Le Pedro, que beaucoup n’hésitent pas à comparer à l’Abbé Pierre, Mère Teresa ou Sœur Emmanuelle, au niveau de l’engagement dans la lutte contre la pauvreté, ressemble plus à un baroudeur, dans le sens noble du terme, qu’a un missionnaire. Ce viking avec des yeux clairs pétillants, une barbe blanche et une conviction qui emporte tout sur son passage est né en… Argentine, il y a soixante-quatre ans.

« Mon histoire est différente dès le départ. Je suis le fils d’un émigrant slovène, seul rescapé d’un charnier de 5000 personnes tuées par les communistes du maréchal Tito, de l’ex-Yougoslavie. Après la Seconde Guerre mondiale, il s’est réfugié en Italie où il a rencontré ma mère dans un camp de réfugiés et sans un sou, sans savoir parler l’espagnol, ils ont émigré en Argentine. Comme mon père était maçon, il a trouvé du travail, mais il vivait avec ma mère et les huit enfants qui sont nés après dans un garage où on dormait par terre. Je connais la misère depuis toujours. Ils nous ont appris comment faire pour survivre dans la dignité et nous ont transmis leur foi catholique. »

Des l’âge de 9 ans, Pedro va travailler avec son père comme maçon pour aider à faire manger la famille et à 14 ans il est déjà un bon ouvrier. A 15 ans, il décide de devenir prêtre et entre au séminaire chez les Pères lazaristes. A 20 ans, il va approfondir sa formation en Slovénie, la terre de ses parents. « C’est là que j’ai décidé de devenir missionnaire et d’aller travailler avec les pauvres en dehors de l’Argentine, de préférence en Afrique ou en Asie, les pays pauvres de l’époque. C’est comme ça que je me suis retrouvé deux ans plus tard à Madagascar où j’ai travaillé comme maçon chez les prêtres lazaristes de St-Vincent de Paul qui, de son vivant, envoya les premiers missionnaires à Madagascar, en 1648. » Pedro Pablo Oreka termine ses études à Paris et est ordonné prêtre à Buenos Aires en 1975. Il est subséquemment nommé curé dans une paroisse rurale du sud-est de Madagascar, Vangaindrano. C’était un endroit perdu situé à plus de 1000 kilomètres de la capitale malgache, dans une des régions les plus démunies du sud-est. Après avoir appris la langue et les traditions du pays, le nouveau prêtre aide les paysans à améliorer la culture du riz, des céréales et du café. Il crée aussi des groupes de villageois et de jeunes, pour les aider à bâtir des projets communs et à prendre en main leur futur.

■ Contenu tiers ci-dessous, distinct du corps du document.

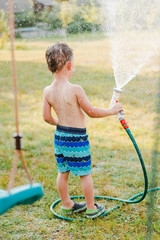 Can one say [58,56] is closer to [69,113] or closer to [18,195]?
[69,113]

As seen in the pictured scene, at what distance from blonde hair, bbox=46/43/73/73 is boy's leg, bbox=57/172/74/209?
2.22 ft

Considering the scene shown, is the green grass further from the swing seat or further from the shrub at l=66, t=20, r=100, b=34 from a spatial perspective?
the swing seat

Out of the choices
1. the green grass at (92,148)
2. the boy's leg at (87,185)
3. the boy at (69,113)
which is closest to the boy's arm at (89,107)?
the boy at (69,113)

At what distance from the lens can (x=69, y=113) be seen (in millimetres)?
2080

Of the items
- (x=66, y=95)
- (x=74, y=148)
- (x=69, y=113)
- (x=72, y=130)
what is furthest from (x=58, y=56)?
(x=74, y=148)

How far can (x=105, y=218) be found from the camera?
2.23 metres

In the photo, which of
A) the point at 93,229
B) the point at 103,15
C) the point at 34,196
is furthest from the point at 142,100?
the point at 34,196

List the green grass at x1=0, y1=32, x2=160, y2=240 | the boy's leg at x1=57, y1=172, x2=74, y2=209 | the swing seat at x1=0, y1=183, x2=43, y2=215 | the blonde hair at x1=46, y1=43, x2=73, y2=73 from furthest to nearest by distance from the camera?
the boy's leg at x1=57, y1=172, x2=74, y2=209 → the green grass at x1=0, y1=32, x2=160, y2=240 → the blonde hair at x1=46, y1=43, x2=73, y2=73 → the swing seat at x1=0, y1=183, x2=43, y2=215

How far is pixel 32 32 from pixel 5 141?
8.94 feet

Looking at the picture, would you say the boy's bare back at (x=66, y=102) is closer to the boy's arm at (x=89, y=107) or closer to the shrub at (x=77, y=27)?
the boy's arm at (x=89, y=107)

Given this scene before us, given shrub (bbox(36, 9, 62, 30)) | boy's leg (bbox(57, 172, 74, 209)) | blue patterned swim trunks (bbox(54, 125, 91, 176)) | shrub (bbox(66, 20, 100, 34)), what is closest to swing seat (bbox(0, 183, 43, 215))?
blue patterned swim trunks (bbox(54, 125, 91, 176))

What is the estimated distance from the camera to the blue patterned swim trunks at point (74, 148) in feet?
6.89

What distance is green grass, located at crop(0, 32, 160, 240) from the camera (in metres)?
2.13

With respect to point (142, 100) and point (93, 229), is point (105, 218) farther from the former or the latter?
point (142, 100) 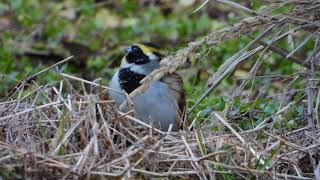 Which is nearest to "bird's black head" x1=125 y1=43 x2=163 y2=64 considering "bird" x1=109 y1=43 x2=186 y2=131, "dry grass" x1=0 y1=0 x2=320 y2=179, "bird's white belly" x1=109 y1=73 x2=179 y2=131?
"bird" x1=109 y1=43 x2=186 y2=131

20140910_154113Et puis en mars 1989, après treize ans passés dans la campagne, le Père Pedro est muté dans la capitale malgache pour diriger le séminaire des frères lazaristes. « Vivant à la campagne, j’ignorais totalement ce qui se passait en ville et j’ai subi un grand choc quand je suis arrivé à Antanannarivo. J’ai été sidéré par l’étendue de la misère que j’y ai découvert. Dans le sud-ouest où j’avais vécu, il y avait de la pauvreté mais pas de la misère grâce à la solidarité : le peu qu’on avait, on le partageait. Dans la capitale il n’y avait que la pauvreté à partager. » Le jeune prêtre va surtout découvrir les sans-logis vivant dans la décharge aux ordures. En 1985, pour la célébration en grande pompe des 25 ans de la révolution malgache, les autorités avaient organisé une grande rafle pour nettoyer la capitale : tous ceux qui vivaient dans les rues avaient été conduits de force dans les dépotoirs situés hors de la ville. « Des milliers de familles avec leurs enfants avaient été jetées dans les décharges comme des ordures et ceux qui avaient survécu étaient toujours là-bas. J’ai été d’abord sidéré par cette situation, puis elle m’a révolté et j’ai décidé de réagir. »IMAG6562

Mais cette situation qui durait depuis quatre ans n’avait pas été combattue, dénoncée avant l’arrivée du Père Pedro à Antannanarivo ? « Elle avait été dénoncée, mais Madagascar était en train de tomber rapidement dans une pauvreté généralisée. La misère et ses séquelles commençaient à devenir « normales » dans le pays. Quand je suis arrivé dans le pays en 1970, il y avait 10 millions d’habitants et 30 % de pauvres. Aujourd’hui, après une révolution socialiste, plusieurs coups d’Etats et autant de présidents, Madagascar compte 22 millions d’habitants et 80% de pauvres. C’était un pays beau, riche et accueillant que la misère a dramatiquement changé. La révolution était le contraire de ce qu’elle prétendait être : rendre les Malgaches plus responsables, plus patriotes, plus progressistes et développer le pays. On a fait partir les Européens qui faisaient marcher l’économie et ils n’ont pas été remplacés : depuis, le pays fonctionne au ralenti et parfois, pendant de longues périodes, pas du tout. »IMAG3291

« Quand je suis arrivé dans le pays en 1970, il y avait 10 millions d’habitants et 30 % de pauvres. Aujourd’hui, après une révolution socialiste, plusieurs coups d’Etats et autant de présidents, Madagascar compte 22 millions d’habitants et 80% de pauvres. »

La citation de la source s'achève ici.